Two new expressways have been inaugurated by the Prime Minister of India in the National Capital Region on Sunday. The first is Phase 1 of the Delhi-Meerut Expressway and the second is the Eastern Peripheral Expressway (EPE).
The former is a part of a 14-lane expressway that starts at the Nizamuddin Bridge and goes until the Uttar Pradesh border. While scheduled to be completed in 30 months, this phase of the Delhi-Meerut Expressway was completed in a shorter span of 18 months. This Rs 841-crore phase has a six-lane expressway with two eight-lane highways, one on each side (a total of 14 lanes for vehicles), a 2.5m-wide cycle track, and a 1.5m-wide footpath. Vertical gardens with solar panels for lighting and drip water irrigation feature on the expressway, along with replicas of monuments like the Qutub Minar and Ashoka Stambh. In terms of safety and monitoring systems, the expressway is equipped with Advanced Traffic Management Systems (ATMS) and CCTVs.
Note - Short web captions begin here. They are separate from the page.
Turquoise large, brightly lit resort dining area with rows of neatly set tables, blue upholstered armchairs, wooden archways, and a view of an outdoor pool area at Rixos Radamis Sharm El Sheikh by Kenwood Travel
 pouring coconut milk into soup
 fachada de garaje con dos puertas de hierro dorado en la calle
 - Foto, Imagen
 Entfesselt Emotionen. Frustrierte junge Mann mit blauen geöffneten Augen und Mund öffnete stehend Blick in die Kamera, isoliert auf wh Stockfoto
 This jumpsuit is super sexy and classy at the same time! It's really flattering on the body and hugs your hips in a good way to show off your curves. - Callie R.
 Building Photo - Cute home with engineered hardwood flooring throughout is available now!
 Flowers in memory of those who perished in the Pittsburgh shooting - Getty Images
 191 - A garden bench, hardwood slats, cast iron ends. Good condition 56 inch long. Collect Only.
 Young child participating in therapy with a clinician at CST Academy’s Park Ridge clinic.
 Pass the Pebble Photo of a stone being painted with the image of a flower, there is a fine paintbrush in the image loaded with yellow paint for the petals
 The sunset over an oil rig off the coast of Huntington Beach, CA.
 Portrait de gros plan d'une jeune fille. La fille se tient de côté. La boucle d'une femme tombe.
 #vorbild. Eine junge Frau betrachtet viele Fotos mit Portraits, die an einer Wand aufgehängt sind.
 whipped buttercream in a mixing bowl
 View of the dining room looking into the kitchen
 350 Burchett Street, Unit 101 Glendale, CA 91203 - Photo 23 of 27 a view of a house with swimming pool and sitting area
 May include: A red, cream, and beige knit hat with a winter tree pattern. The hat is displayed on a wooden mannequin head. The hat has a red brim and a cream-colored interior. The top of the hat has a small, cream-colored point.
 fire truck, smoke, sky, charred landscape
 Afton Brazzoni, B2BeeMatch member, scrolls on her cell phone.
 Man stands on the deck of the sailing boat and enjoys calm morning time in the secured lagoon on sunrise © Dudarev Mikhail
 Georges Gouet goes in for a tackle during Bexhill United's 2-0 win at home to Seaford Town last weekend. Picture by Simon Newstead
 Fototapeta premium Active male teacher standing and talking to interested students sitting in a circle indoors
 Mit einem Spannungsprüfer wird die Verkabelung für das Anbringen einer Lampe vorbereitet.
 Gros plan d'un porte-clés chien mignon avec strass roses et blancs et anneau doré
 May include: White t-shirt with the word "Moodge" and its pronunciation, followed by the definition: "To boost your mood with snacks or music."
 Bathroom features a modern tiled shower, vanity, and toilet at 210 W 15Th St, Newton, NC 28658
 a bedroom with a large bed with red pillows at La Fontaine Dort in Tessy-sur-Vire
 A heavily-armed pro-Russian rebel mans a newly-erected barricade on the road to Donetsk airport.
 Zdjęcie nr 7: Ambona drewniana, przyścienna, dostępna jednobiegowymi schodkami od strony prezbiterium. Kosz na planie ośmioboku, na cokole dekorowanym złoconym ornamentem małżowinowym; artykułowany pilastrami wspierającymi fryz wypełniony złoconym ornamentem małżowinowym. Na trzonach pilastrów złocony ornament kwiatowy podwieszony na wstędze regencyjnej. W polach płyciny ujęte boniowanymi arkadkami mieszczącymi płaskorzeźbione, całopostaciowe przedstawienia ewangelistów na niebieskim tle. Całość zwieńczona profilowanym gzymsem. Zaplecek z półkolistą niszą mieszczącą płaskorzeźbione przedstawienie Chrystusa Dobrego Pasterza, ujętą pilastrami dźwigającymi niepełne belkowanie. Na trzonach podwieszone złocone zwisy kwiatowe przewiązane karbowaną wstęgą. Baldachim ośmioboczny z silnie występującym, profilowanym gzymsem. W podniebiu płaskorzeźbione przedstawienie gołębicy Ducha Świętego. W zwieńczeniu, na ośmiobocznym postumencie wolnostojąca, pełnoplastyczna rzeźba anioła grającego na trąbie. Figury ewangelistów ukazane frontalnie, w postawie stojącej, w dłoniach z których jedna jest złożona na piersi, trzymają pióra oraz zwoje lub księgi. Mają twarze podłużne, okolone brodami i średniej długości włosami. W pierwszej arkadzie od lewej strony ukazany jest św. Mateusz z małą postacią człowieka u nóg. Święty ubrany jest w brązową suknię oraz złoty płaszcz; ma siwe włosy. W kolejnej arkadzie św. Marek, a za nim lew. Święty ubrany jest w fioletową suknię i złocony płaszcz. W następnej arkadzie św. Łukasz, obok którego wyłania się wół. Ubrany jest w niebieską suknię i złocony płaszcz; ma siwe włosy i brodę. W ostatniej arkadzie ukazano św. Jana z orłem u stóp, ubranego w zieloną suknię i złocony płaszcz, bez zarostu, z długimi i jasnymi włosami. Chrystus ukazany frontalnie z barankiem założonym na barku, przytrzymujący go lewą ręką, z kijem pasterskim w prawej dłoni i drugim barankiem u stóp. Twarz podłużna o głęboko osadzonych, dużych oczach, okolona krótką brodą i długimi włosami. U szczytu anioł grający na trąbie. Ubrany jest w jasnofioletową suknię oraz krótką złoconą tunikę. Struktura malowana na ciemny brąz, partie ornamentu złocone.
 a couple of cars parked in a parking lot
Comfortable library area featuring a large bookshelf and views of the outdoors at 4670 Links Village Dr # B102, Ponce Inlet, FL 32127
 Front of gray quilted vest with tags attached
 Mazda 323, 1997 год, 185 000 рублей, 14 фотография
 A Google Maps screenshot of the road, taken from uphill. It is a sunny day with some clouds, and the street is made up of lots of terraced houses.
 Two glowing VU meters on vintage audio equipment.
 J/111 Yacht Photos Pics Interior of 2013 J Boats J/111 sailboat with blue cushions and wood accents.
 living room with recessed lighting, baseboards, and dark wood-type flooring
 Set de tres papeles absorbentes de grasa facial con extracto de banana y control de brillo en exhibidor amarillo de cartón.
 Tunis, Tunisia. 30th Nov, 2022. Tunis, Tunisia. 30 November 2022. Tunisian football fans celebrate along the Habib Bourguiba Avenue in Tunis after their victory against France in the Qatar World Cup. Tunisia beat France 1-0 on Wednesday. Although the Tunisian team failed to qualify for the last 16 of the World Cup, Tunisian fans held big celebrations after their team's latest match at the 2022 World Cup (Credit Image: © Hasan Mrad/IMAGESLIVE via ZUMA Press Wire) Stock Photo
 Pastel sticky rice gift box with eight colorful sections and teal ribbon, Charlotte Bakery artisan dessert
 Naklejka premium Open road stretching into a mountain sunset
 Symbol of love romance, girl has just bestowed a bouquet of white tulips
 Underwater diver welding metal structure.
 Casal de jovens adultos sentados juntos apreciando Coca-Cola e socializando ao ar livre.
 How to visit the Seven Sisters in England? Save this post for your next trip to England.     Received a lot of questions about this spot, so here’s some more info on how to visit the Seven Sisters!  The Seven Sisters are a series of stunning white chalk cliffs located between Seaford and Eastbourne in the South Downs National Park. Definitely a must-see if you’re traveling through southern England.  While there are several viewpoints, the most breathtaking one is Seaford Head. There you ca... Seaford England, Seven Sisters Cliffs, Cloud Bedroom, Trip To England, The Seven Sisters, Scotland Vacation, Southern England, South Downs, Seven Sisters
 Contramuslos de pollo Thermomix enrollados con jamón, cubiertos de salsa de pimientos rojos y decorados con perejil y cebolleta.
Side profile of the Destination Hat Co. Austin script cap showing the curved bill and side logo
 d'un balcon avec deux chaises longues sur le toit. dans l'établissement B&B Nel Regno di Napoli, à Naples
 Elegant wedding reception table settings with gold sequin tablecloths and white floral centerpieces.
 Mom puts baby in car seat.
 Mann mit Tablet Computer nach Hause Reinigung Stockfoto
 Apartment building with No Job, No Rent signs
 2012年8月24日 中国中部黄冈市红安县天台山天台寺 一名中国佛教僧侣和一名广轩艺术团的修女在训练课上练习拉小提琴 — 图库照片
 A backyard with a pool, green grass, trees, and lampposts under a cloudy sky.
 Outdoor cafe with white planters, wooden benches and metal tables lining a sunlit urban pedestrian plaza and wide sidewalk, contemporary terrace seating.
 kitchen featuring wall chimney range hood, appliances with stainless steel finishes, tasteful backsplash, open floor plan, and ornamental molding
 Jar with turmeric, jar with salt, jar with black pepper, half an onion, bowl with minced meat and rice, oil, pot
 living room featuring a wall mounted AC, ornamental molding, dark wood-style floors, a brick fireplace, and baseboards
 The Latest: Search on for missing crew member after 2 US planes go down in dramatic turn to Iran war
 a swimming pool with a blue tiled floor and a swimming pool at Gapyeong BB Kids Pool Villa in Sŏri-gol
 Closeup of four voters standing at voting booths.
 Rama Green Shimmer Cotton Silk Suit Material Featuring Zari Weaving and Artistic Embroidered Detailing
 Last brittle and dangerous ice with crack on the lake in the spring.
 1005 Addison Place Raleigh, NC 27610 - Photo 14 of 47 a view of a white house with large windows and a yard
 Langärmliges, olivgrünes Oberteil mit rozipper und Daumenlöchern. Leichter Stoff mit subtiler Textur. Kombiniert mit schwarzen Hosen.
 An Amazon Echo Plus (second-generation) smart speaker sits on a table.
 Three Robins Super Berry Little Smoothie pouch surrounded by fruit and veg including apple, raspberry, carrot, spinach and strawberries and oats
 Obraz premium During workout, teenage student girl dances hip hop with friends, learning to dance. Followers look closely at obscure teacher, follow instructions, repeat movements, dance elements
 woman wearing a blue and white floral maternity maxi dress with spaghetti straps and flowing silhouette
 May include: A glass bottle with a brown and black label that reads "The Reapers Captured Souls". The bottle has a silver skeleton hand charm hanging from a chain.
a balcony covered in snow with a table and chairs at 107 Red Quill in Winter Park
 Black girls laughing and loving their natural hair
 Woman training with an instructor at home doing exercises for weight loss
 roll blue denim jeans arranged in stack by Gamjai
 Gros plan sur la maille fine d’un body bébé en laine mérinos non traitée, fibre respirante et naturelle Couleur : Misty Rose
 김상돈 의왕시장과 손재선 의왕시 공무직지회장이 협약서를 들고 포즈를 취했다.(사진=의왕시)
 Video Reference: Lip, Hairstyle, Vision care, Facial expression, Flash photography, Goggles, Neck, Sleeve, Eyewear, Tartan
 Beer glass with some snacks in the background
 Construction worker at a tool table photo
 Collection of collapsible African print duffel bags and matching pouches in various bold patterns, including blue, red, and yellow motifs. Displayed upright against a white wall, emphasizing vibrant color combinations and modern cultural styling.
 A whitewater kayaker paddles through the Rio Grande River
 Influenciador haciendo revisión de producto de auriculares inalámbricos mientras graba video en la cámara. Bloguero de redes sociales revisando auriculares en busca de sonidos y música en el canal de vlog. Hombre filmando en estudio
While the first phase reduces travel time from 45min to just 8min (thanks, in part, to the 120kph speeds that are now achievable), the completed expressway is expected to drop travel time between Delhi and Meerut to 45min, from the current 4-5 hours.
The Eastern Peripheral Expressway’s primary aim is to curb traffic and pollution in Delhi by redirecting two lakh vehicles around the national capital on a daily basis. Built at a cost of Rs 11,000 crore and in a record 17 months, the 135km-stretch of expressway is expected to bring down pollution levels in Delhi by 27 percent and is India's first highway to be lit by solar power. There are also provisions for rainwater harvesting every 500m. The EPE also gets a smart and intelligent highway traffic management system, video incident detection system, and an Electronic Toll Collection (ETC) system.